Like I said, I'm not really familiar with the inner workings of the API. I have checked out the examples online at the sourceforge page, and have taken a look at the book (both editions), but I don't see anything that fits the bill. I saw an example here that shows page orientation for newly-composed PDFs, but nothing for existing ones. Can anybody help me out? Thanks!
You're making this harder than it needs to be.

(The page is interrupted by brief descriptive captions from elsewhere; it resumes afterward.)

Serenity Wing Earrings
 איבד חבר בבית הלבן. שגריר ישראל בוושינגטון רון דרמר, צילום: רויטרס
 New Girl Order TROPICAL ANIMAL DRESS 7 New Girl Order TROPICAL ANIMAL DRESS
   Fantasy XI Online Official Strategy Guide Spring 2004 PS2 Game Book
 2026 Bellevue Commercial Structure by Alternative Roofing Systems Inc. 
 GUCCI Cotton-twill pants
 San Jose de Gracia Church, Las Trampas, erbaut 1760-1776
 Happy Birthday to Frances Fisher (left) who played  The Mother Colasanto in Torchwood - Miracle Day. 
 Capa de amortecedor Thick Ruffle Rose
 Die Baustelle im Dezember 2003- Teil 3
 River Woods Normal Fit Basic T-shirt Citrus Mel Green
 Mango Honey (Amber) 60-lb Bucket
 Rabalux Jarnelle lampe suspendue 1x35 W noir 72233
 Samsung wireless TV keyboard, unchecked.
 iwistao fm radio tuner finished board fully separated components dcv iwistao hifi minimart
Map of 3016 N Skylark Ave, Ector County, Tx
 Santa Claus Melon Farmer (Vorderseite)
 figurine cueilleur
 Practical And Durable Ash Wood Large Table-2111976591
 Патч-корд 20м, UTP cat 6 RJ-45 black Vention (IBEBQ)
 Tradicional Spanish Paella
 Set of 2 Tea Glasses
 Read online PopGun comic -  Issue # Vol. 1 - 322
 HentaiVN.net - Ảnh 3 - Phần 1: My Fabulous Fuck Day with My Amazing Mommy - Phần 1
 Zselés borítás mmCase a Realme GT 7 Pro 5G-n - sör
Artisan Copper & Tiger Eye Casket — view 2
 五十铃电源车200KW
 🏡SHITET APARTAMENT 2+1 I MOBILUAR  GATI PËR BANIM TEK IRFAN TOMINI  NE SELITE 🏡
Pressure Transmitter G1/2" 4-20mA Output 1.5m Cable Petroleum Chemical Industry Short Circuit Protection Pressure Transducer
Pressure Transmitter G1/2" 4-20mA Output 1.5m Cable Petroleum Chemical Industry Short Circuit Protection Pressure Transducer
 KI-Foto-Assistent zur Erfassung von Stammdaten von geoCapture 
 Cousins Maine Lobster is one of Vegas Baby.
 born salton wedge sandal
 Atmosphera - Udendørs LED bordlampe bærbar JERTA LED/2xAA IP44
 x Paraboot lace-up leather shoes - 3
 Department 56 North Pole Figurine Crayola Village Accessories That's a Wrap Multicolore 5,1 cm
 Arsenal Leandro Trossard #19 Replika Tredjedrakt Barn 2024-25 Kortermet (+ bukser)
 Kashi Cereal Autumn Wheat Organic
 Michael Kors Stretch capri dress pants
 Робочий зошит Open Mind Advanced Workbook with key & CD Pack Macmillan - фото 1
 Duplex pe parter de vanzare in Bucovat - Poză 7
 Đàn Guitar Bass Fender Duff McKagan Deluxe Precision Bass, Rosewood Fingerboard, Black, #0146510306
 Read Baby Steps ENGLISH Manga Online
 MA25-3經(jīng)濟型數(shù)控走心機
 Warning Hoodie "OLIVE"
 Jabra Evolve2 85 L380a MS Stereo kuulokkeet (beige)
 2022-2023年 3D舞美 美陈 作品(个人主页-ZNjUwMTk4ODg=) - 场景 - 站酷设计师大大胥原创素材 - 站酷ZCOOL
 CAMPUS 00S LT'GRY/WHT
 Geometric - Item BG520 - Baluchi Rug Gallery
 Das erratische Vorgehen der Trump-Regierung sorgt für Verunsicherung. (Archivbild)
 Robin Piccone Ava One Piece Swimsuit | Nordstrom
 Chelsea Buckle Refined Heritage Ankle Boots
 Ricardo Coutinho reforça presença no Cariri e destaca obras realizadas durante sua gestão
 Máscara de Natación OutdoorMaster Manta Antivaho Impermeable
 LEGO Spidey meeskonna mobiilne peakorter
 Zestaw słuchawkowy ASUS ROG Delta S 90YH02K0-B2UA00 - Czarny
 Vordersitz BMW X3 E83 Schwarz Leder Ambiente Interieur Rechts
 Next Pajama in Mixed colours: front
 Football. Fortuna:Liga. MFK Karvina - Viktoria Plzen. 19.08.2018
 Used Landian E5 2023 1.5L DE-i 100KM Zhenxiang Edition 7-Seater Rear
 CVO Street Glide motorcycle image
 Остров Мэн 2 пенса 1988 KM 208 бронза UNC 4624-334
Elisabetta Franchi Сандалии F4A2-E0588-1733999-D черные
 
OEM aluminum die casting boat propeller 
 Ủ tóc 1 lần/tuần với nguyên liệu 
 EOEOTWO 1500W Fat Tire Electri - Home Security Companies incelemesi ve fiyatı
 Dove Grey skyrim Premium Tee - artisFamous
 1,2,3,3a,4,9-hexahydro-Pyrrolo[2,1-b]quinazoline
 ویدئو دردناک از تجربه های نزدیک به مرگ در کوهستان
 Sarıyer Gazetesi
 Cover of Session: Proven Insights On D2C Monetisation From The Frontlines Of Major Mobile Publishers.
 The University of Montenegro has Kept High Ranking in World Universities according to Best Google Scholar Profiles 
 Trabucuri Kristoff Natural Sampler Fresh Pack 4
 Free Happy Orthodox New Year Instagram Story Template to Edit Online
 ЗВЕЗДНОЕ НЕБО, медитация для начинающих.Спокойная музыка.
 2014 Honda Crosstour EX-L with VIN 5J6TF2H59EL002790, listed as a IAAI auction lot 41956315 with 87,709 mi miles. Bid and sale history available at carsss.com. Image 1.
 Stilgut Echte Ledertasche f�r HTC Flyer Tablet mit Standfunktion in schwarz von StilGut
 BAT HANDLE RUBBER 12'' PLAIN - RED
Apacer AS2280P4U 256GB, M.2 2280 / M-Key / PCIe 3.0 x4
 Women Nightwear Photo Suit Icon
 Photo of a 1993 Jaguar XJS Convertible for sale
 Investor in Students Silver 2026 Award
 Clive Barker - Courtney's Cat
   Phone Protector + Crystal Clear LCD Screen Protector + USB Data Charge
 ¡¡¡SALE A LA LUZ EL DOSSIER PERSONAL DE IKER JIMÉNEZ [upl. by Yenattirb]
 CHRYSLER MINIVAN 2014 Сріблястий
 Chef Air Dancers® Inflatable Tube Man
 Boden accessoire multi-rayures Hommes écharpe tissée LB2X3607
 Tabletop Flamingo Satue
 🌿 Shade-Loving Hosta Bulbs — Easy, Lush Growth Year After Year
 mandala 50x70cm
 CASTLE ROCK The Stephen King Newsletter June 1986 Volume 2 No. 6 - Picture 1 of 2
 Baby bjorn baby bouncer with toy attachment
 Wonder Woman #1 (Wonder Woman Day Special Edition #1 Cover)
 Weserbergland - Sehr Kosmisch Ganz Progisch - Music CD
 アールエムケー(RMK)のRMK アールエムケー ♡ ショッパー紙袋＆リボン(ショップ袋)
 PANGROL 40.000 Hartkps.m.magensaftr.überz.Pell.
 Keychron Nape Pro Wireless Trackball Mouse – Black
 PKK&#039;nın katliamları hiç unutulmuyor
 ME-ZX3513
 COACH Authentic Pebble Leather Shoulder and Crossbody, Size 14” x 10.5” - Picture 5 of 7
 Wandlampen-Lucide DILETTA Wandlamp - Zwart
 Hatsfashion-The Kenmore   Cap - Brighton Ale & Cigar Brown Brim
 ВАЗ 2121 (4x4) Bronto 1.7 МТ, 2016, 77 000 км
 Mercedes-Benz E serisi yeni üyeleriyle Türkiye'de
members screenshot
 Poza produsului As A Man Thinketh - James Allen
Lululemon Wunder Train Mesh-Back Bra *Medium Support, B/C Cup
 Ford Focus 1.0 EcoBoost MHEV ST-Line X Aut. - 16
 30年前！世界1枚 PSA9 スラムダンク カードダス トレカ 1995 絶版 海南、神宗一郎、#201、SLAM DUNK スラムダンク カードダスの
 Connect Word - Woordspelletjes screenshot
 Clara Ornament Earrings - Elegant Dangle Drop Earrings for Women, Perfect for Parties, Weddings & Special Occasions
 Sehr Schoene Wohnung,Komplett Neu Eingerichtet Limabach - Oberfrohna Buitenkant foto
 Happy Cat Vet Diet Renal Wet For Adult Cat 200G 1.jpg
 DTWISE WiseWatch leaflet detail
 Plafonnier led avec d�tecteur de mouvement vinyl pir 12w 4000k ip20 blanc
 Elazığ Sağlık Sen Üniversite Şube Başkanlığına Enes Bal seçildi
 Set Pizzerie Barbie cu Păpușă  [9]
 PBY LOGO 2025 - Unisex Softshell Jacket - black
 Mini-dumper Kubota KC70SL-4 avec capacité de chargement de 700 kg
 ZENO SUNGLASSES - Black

Rather than rotating the page contents, you want to rotate the page itself:
PdfReader reader = new PdfReader(path);
PdfStamper stamper = new PdfStamper( reader, outStream );
PdfDictionary pageDict = reader.getPageN(desiredPage);
int desiredRot = 90; // 90 degrees clockwise from what it is now
PdfNumber rotation = pageDict.getAsNumber(PdfName.ROTATE);
if (rotation != null) {
desiredRot += rotation.intValue();
desiredRot %= 360; // must be 0, 90, 180, or 270
}
pageDict.put(PdfName.ROTATE, new PdfNumber(desiredRot);
stamper.close();
That's it. You can play around with desiredPage and desiredRot to get whatever effect you're after. Enjoy.